I was really impressed by the evident breadth of knowledge of both Atiyah and Villani.  They had read Kepler; Villani told us about Voltaire's comment that Kepler's achievement was a humiliation for philosophy in that such a deluded thinker could make such great discoveries.  Both seemed keen on reading the writings of the great mathematicians of the past.  Villani made fascinating comments about the different ways in which the composers Xenakis and Ligeti made use of maths, and showed how a work of Ligeti refutes a remark in Euler's writing on music. When there is such a focus on research outputs that reading outside one's immediate subject can seem like a luxury one can't afford, I found Atiyah and Villani inspirational in their range of serious interests.

There were insights into similarities between mathematicians and artists - both proceed by breaking rules (for example, non-Euclidean geometry arising by discarding a previously unchallenged axiom) and both work with a mix of individual and collaborative activity.  There was wisdom on teaching - the personality of the teacher is the most important factor, and Villani commented that saying that we need more people to study science is not the best way to encourage young scientists.

Villani was asked about the "enemies" a mathematician faces, and identified three - lack of imagination; a priori ideas, which you have to eliminate in order to make progress; and too much information, hiding the things that really matter in fog.  Stewart told a fascinating anecdote about a friend discussing three-dimensional topology over the phone with a mathematician who had been blind since birth (a remarkable idea in itself) and noting that the blind mathematician was obviously visualising the problem very clearly but without taking any single point of view - a very interesting concept.  There was discussion of ugliness in mathematics - with, I think, agreement that a good proof is about understanding, and a proof which doesn't tell you why something is true is inherently unsatisfactory.

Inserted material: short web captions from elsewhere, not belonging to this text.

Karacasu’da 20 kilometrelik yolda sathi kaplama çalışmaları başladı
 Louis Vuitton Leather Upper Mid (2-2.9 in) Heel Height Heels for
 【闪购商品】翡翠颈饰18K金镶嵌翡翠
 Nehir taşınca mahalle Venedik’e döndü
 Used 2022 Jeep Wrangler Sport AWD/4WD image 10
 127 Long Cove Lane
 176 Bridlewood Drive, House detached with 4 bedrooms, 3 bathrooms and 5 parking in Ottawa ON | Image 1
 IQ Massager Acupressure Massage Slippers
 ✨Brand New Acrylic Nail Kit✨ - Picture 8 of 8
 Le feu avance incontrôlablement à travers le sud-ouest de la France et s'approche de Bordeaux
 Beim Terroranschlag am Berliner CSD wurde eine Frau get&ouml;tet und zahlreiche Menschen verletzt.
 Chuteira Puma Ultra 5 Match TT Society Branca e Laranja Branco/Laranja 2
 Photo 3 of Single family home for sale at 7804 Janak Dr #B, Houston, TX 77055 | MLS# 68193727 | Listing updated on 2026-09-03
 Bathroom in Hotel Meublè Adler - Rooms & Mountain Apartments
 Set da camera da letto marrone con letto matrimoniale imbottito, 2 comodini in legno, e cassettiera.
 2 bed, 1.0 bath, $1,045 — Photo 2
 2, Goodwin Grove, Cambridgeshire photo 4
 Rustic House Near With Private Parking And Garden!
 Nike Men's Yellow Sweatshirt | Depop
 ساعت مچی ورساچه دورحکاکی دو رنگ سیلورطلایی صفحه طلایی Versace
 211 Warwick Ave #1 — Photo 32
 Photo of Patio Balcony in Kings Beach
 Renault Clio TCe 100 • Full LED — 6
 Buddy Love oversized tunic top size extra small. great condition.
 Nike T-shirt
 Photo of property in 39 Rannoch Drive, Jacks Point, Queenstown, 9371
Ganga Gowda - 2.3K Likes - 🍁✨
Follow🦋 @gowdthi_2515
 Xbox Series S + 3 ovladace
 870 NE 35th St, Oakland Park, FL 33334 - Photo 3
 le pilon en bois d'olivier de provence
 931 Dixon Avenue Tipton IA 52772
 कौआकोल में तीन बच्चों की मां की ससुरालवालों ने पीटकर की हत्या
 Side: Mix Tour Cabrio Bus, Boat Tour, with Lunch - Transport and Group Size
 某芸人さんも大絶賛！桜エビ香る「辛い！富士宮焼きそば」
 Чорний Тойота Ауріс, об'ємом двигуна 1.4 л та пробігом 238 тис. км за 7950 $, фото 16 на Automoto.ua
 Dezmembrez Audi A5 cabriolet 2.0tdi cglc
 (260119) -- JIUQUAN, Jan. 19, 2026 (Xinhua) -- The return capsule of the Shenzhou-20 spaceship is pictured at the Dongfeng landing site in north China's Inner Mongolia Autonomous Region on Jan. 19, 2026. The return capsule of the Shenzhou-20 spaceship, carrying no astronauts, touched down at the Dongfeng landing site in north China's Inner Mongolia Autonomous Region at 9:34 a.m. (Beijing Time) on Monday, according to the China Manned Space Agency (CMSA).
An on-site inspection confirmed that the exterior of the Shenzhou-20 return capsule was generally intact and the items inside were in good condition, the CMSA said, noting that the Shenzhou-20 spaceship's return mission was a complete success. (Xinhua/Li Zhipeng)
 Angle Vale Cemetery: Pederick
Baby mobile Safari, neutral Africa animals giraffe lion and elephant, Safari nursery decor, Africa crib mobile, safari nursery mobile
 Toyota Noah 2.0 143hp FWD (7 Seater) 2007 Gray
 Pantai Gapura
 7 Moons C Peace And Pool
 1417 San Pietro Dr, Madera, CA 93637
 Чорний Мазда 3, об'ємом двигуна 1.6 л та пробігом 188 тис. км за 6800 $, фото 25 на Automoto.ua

Artists in the audience asked some of the most interesting questions.  One was about symbols - how do mathematicians choose their symbols?  Villani's answer made me aware just how important choice of symbols can be - they permit a level of automatic checking and most symbols carry meaning for the reader which helps comprehension.  (I remember struggling with the German letters symbolising group varieties in an algebra book: I couldn't immediately tell which was which and, not surprisingly, I never got on top of the material. My fault, not the authors: I should have spent time copying the letters until I could read them at a glance!)

The final question, again an insight into how the practice mathematics relates to that of the visual artist, was about the "extraordinary mark-making" mathematicians do on blackboards, and whether this can survive in the digital age. Atiyah's answer agreed on the importance of the hand in doing maths, and that communication of mathematics involves body movement, props, blackboards - the garnish that makes something palatable.  Villani, noting that blackboards are now not always available in lecture rooms, felt that the blackboard is unrivalled: much more than with a computer, one can improvise, erase, keep some material and lose other bits; it forces you not to overflow, and when  you're frustrated, you can bang your head on it!

This was an amazing afternoon, rich in provocative ideas.  The mathematicians' passion came across; there were insights about mathematics, art and music.  If these notes are garbled, it was because there was so much to think about!  I do hope the recording will be made available, even though it will probably show that I have misunderstood and misinterpreted a lot of what was said.  I have rarely spent such a stimulating afternoon in a gallery (and that is a very strong statement).